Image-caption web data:
.....

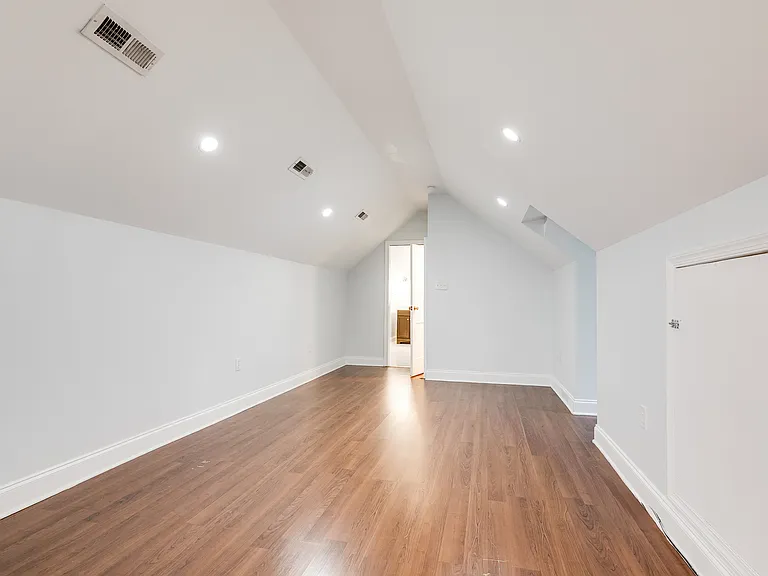 1000 Pepper Ave — Photo 29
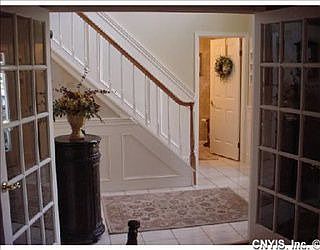 4th image of 303 Garfield Ave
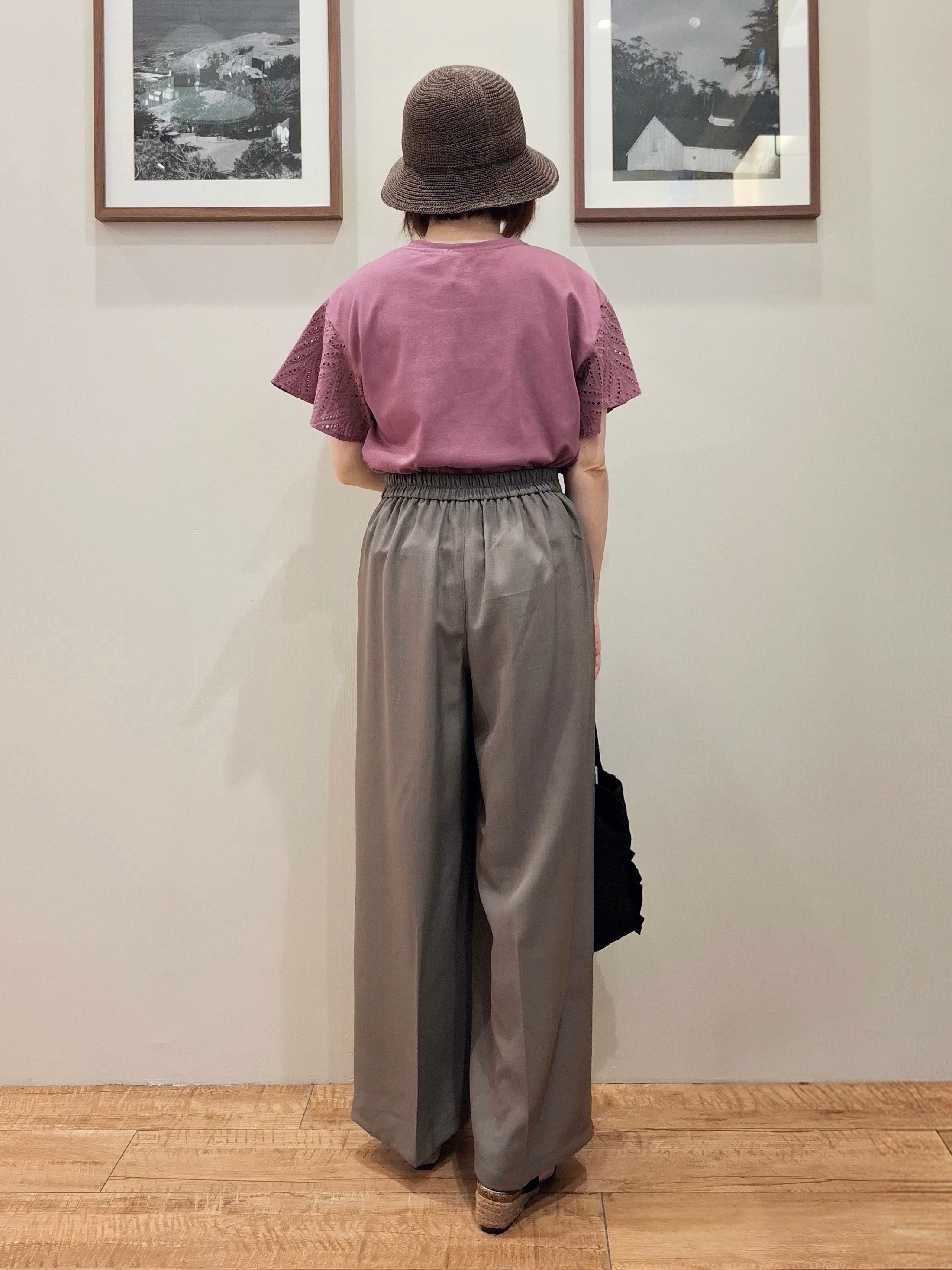 まあるさんの「SHOO･LA･RUE｜【汗じみ防止/ひんやり/体型カバー】真夏でも安心。汗じみが気にならない お袖レースフレアTシャツ」を使ったコーディネート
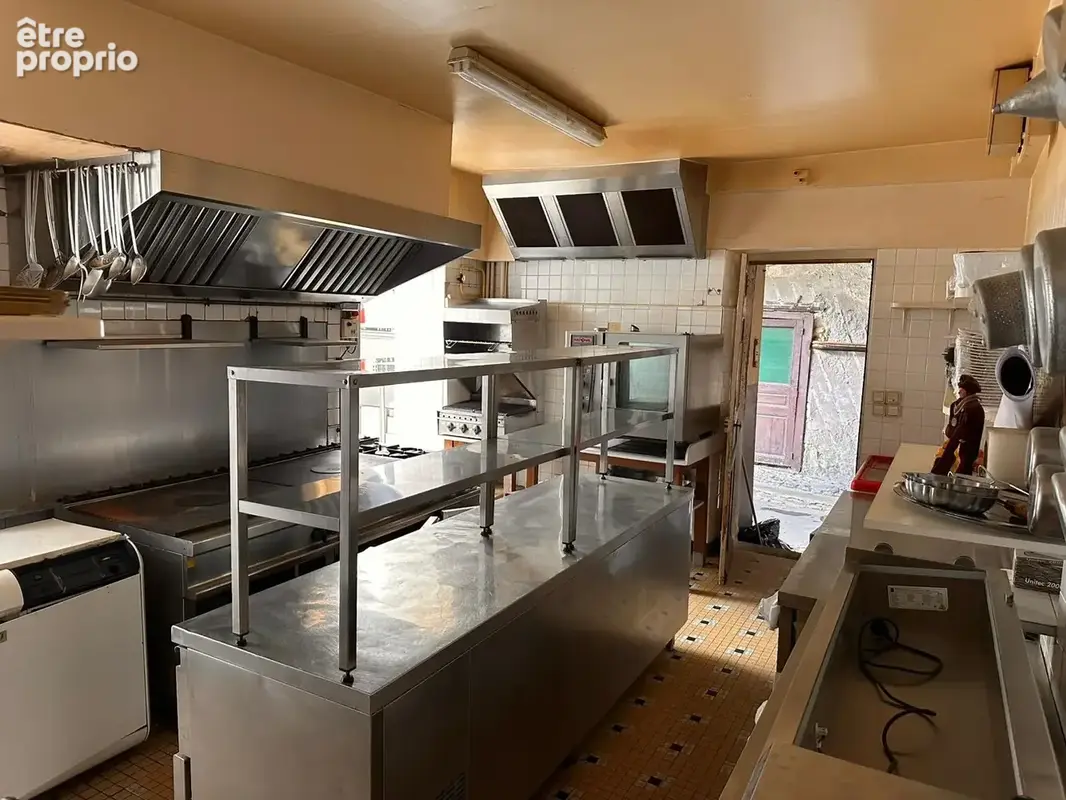 Ensemble immobillier comprenant ancien restaurant ( licence iv ), 7 chambres studio a louer - photo 8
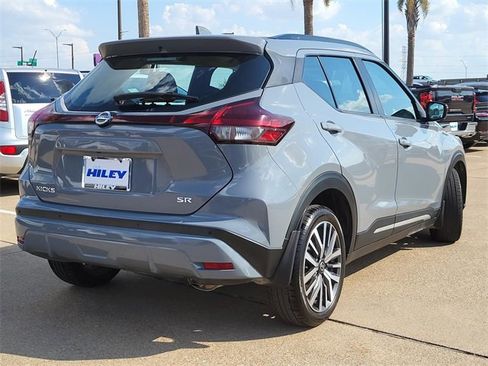 Used 2021 Nissan Kicks SR image 4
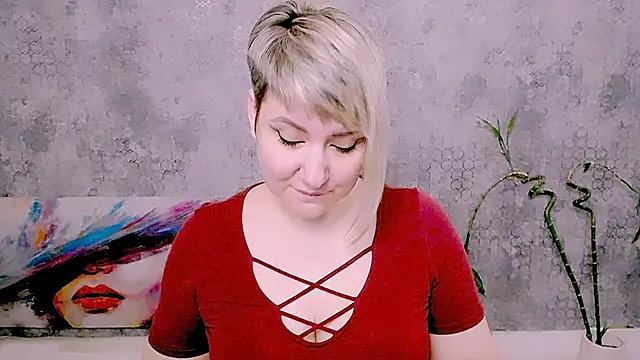 Djullia online show from June 5, 6:52 am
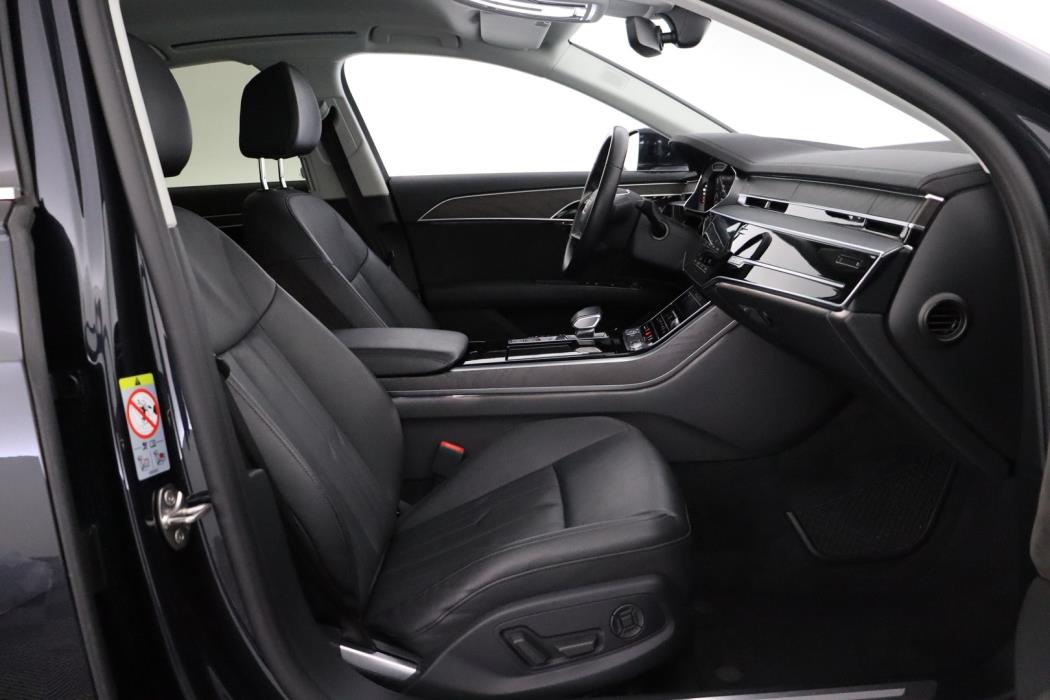 AUDI A8 2020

.....

**Task details:** Reproduce nothing but the lines that run from the line containing "4th image of 303 Garfield Ave" through the last line of the records, inclusive. Omit the pictures.

**Solution to the problem:**
 4th image of 303 Garfield Ave
 まあるさんの「SHOO･LA･RUE｜【汗じみ防止/ひんやり/体型カバー】真夏でも安心。汗じみが気にならない お袖レースフレアTシャツ」を使ったコーディネート
 Ensemble immobillier comprenant ancien restaurant ( licence iv ), 7 chambres studio a louer - photo 8
 Used 2021 Nissan Kicks SR image 4
 Djullia online show from June 5, 6:52 am
 AUDI A8 2020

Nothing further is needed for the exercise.